Power requires both its modal-possibilistic half (the “could” part) and its causal-interventional half (the “cause” part). Just because a power could cause something does not mean that it does or will. The sovereign may or may not execute the prisoners in their dungeon, may or may not wage war on a neighboring principality, may or may not hold a banquet to honor or poison a visiting convoy; they nonetheless have the power to do so, even in their sleep. A knife in its sheath or drawer still has the power to maim or kill, to wave in the face of enemies, to sharpen pencils, to carve lovers’ initials into the trunk of an oak, to slice open a grapefruit or a finger in the process, or countless other things that its firmness and sharpness grant it when placed in our grips. Possibility or potentiality is inherent to the meaning of power. It is, as some describe it, inherently “dispositional,” though a moody disposition wholly dependent on the surrounding constellation of forces and factors, rather than something hidden or harbored within as an essence, latency, or property. A mirror has the power to show you your own reflection, but only if you flip on the lights, and then only if you can turn to face yourself for the things that you’ve done. Even the most seemingly intrinsic powers (and some are stickier, more inalienable, than others) are still relational and dependent upon the wider world. As the Buddhist saying goes, “The boatman can go nowhere without the boat; the boat goes nowhere without the boatman.
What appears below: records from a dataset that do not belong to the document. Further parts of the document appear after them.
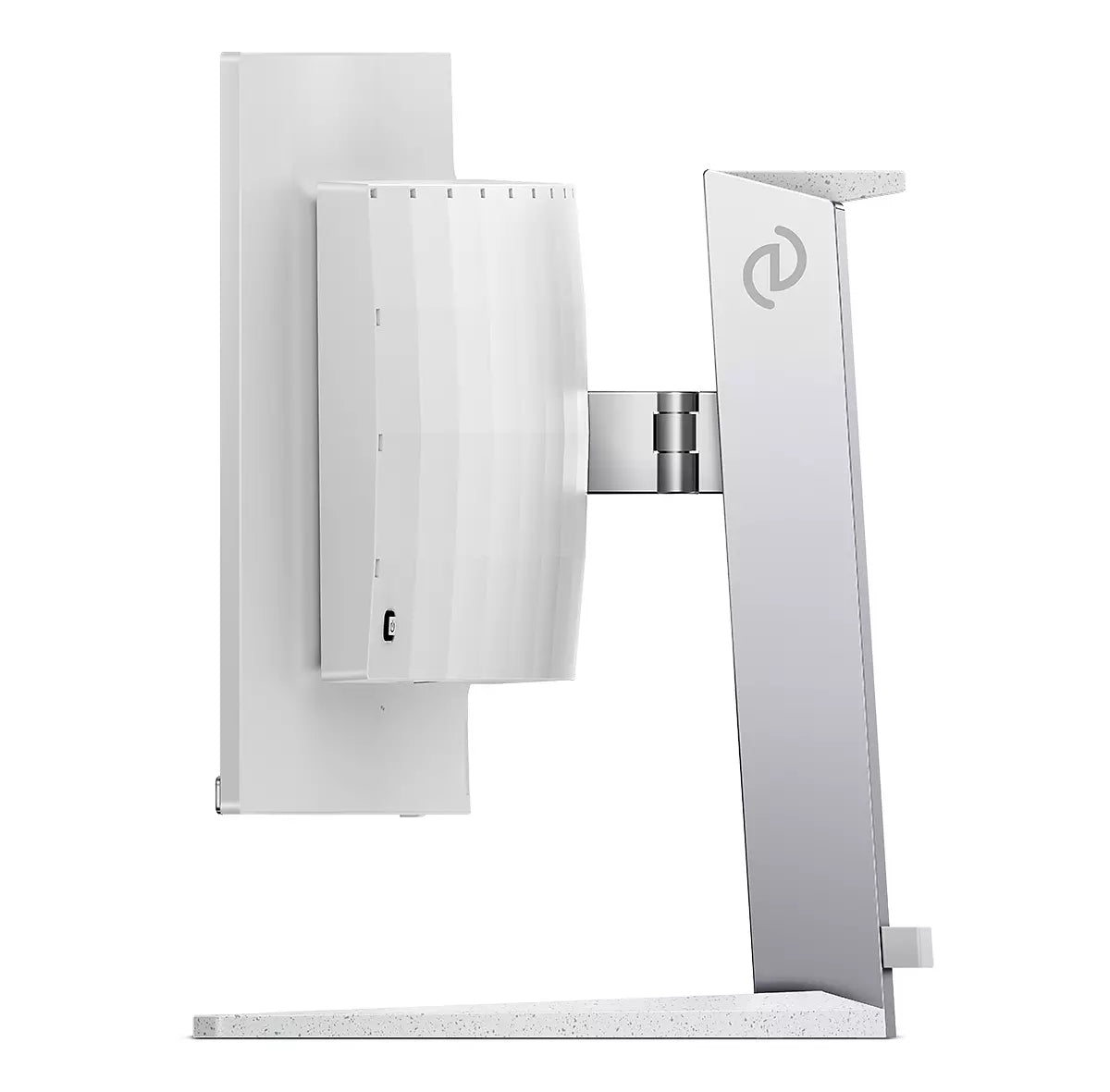 Philips Evnia 8000 49M2C8900/00 écran plat de PC 124,2 cm (48.9") 5120 x 1440 pixels Dual QHD QD-OLED Blanc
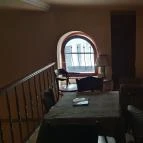 Café Zsivágó Budapest - Egyéb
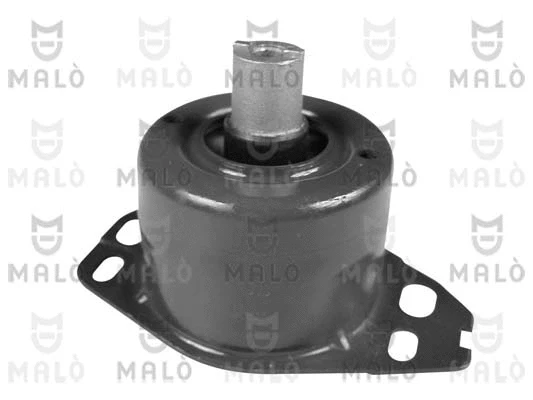 Support moteur AKRON-MALÒ 15204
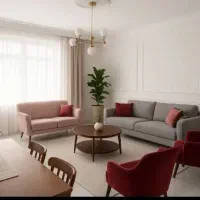 سویت وکیل اباد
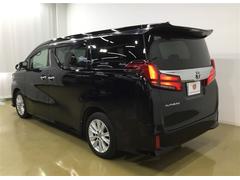 ���Υ��饹�ϥץ饤�Х������饹�ˤʤäƤ��ꡢ��������Ȳ�Ŭ����������������Ǥ��� 4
Likewise, power is never a mere possibility in the sense of a probability or an eventuality. I throw a handful of dice across a glass tabletop. It’s possible that I’ll get lucky, roll all sixes, and score a Yahtzee, but this kind of possibility is mutely undynamic. It’s severed from any story of power because there are no connections, however tenuous, tendered between determinants and outcomes, no accounts linking causes to effects. It’s sheer dumb luck. We are equally powerless before both fate and chance, both pure necessity and pure contingency. Tomorrow it may or may not rain — great, we’ve got no say in the matter. Even if our predictions nail it and the forecast correctly calls for a ninety-percent chance of thunder, these storms might as well be divine fury for all we care, a bare eventuality, foreseen by the local weatherman oracle. Power never enters the scenario. Future events may be “abstractly possible” or even probabilistically predictable, but these “possibilia” remain inert and powerless without a causal storyboard laying down panels from then or now to the day of their actuality.
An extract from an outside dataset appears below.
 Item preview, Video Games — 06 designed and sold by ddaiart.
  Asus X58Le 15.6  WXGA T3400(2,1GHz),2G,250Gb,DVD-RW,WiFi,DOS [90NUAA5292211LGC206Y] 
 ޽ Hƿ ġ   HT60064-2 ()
Power, cause, and possibility — each in their full dynamic sense — can’t be grasped without the other two. Stephen Mumford was expressing much the same, though in the drier prose of the analytic tradition, when he writes: “causation involves what we call a dispositional modality.” Causation and possibility can’t even be neatly distinguished or fully disentangled. To be one of the causes of something is to make that something more possible; to make something more possible — to possibilize something — is to be one of its causes. To conceive of something’s possibility is to conceive of a cause that may bring it to effect, or to fail to think of a countervailing cause that may block its processes. The coldness of the water both helps cause and makes possible the formation of ice cubes. The hotness of the water both helps cause and makes possible my evening cup of instant coffee, and if I prefer, I can happily rephrase and praise its heat and its wateriness as specific causal powers, that in combination with the granules, the cup, and the kettle, most proximately produce my instant coffee and the rare thoughts that follow. Like the sugar and granules in my cup, cause and possibility blend smoothly in the gradient of power. All three concepts mutually and circularly inhere as axioms of power. They can only be understood together. One gross philosophical failure of static-kinetic worldviews (such as the “ontology of mechanism” undergirding much of Western modernity) is the attempt to break them apart and belittle them into toy-model versions that no longer suit the roiling dynamism of our world — especially the social part of that world.